Atlanta is in for the start of a three-game series tonight, and it will be odd not to have Jones around to boo. Even so, the Braves might be the best run team in the National League and they have the same blueprint.
Gone are Tom Glavine, Greg Maddux and John Smoltz, but this weekend the Mets skip Tim Hudson, but get Kris Medlen (1-5), Mike Minor (5-2) and Julio Teheran (3-1). If they get through them, the Braves (2.79) have the third-ranked bullpen behind San Francisco and Pittsburgh, and might have the league’s premier closer in Craig Kimbrel.
The Braves have always been about fundamentals, pitching and power, and this season is no different with Justin Upton (14 homers), B.J. Upton and Jason Heyward, an outfield the Mets could only dream about.
Meanwhile, the Mets have been listless offensively, scoring more than four runs only once since beating the Braves, 7-5, on May 3. Their hitters are striking out roughly ten times a game and it is only a matter of time before Ike Davis (.147 and on a 1-for-38 slide) is shipped out to the minors.
The Mets, losers of 10 of their last 12 games, have Jeremy Hefner, Dillon Gee and Shaun Marcum, who are a combined 2-15 going for them.

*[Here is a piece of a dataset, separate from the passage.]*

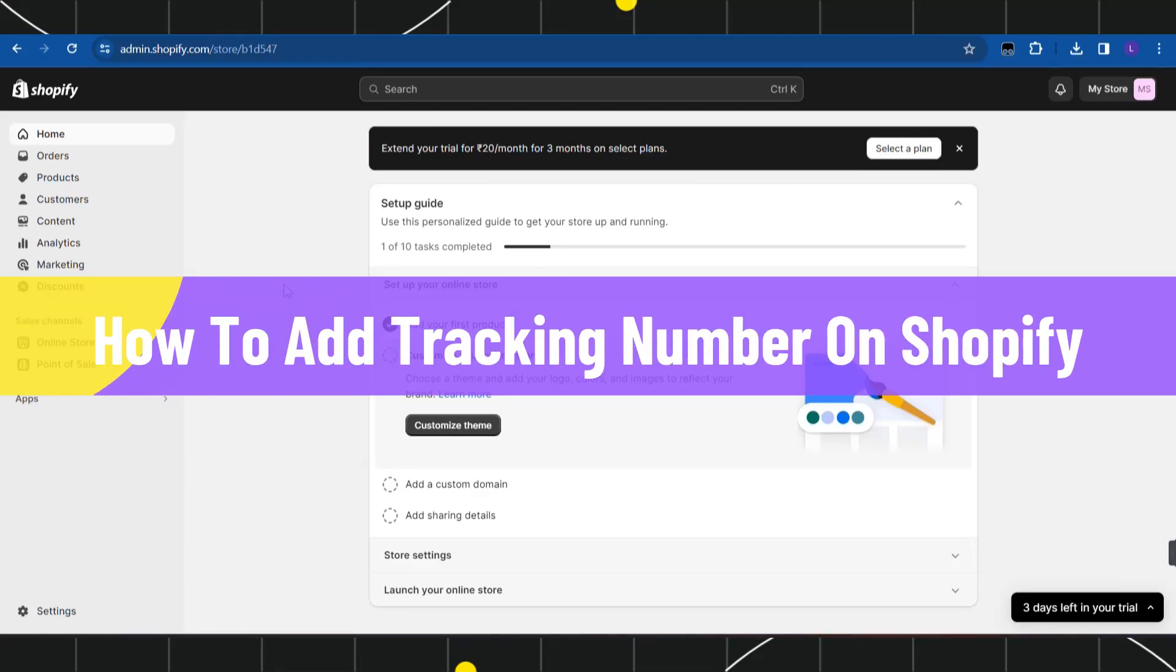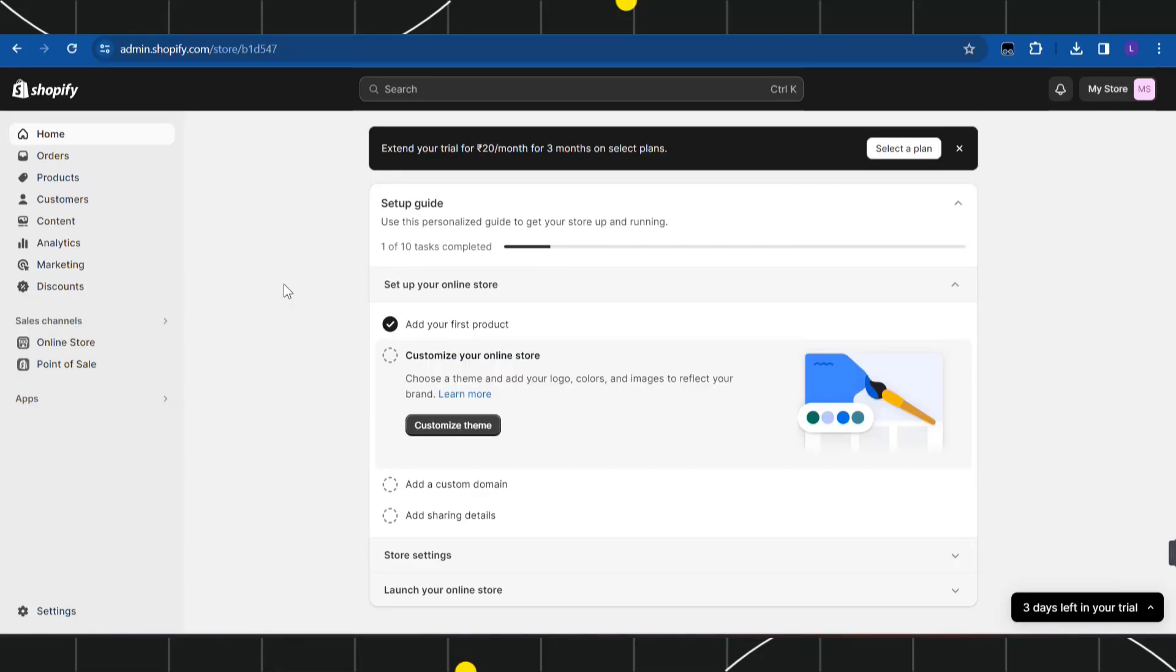How to add tracking number on Shopify. Hi everyone, welcome to this quick tutorial where I'm going to show you how you can do this easily. So make sure you watch this video carefully to properly understand this tutorial.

Hefner and Marcum comprise 40 percent of the rotation and have no victories.
Once 10-9, the Mets are 17-27 and in a free fall towards irrelevance. Prior to the Pirates series, when the Mets were 13-17, I wrote where the next two weeks could define their season and that is coming to fruition.
The Mets lost three of four to Pittsburgh and St. Louis in consecutive series, won two or three in Chicago, and swept in a three-game series at home by Cincinnati.
After the Braves come four straight with the Yankees, before closing the month at Miami.
June doesn’t get easier as the Mets have six games against the Nationals, three with St. Louis, five in Atlanta (includes a make-up game), three in Philadelphia, two in Chicago against the White Sox, and they fly to Colorado for a one-game make-up on an off-day.
By the time they conclude a nine-game road trip leading into the All-Star break, there is a very realistic chance the Mets could be 20 games under .500 if not 20 games out of first place.
The Mets’ long summer is getting longer and we’re not even through with May.